Search code examples
c#regexregex-group

Match paren-groups only when not preceded by tab or space


My c# regex code:

Regex regex = new Regex(@"\((.*?)\)");
return regex.Matches(str);

...nicely matches all the "paren groups" as in the data block below:

(dirty FALSE)
(composite [txtModel])
(view [star2])
(creationIndex 0)
(creationProps )
(instanceNameSpecified FALSE)
(containsObject nil)
(sName ApplicationWindow)
(txtDynamic FALSE)
(txtSubComposites )
(txtSubObjects )
(txtSubConnections )

But the following block of data throws it off the rails:

([vog317] of ZZconstant
(dirty FALSE)
(composite [gpGame])
(view [nil])
(creationIndex 1)
(creationProps composite !/gpGame sName Constraint4)
(instanceNameSpecified TRUE)
(containsObject ZZconstant)
(sName NoGo_Track_back_Co)
(description "")
(parameters "")
(languageType Prefix)
(explanation "Some sample text here!")
(salience 1)
(condition "

        (if     (eq ?hoer9_Cl:sName extens)

                then

            (or (eq ?Starry:sName sb405)
                (eq ?Starry:sName sb43)
                (eq ?Starry:sName sb455)
                (eq ?Starry:sName sb48)
            )

        )

")
)

Please note the inner-paren group:

       (if      (eq ?hoer9_Cl:sName extens)

                then

            (or (eq ?Starry:sName sb405)
                (eq ?Starry:sName sb43)
                (eq ?Starry:sName sb455)
                (eq ?Starry:sName sb48)
            )

        )

That little sub-block of paren-enclosed data should merely be seen as a part of the (condition paren-group, and not be matched by the regex pattern. The way to exclude it is for the pattern to see either of the following 2 exceptions:

  • Any ( preceded by a tab or space should be excluded from the match.
  • Any (if followed by any kind of whitespace should be excluded from the match.

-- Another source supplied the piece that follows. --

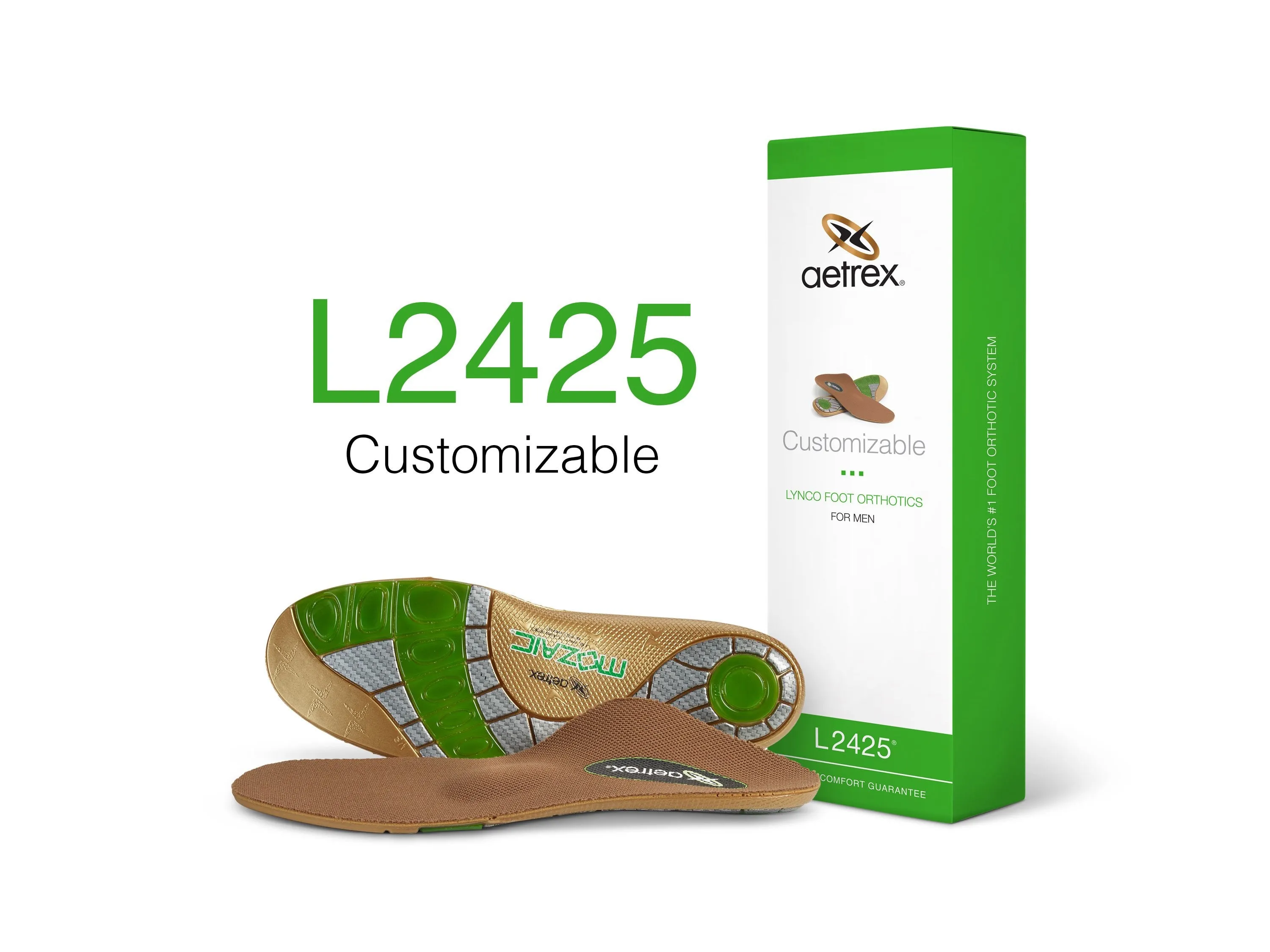 Aetrex Lynco L2425 Customizable Orthotics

So how can I modify my regex pattern \((.*?)\) so that it complies with the above 2 rules? I tried for awhile in Regex Storm, but I'm too much of a beginner with regex to work it out.


Solution

  • You could use the pattern that you tried, and add lookarounds for the logic in the 2 exceptions listed:

    (?<![ \t])\((?!if\s)(.*?)\)
    

    Explanation

    • (?<![ \t]) Negative lookbehind 1st point assert what is directly to the left is not a space or tab
    • \( Match (
    • (?!if\s) Negative lookahead 2nd point assert what is directly to the right is not if and whitespace char
    • (.*?) Capture group 1 Match any char except a newline non greedy
    • \) match )

    Regex demo

    If matching between opening and closing parenthesis can span multiple lines, you could also use a negated character class [^:

    (?<![ \t])\((?!if\s)([^()]*)\)
    

    Regex demo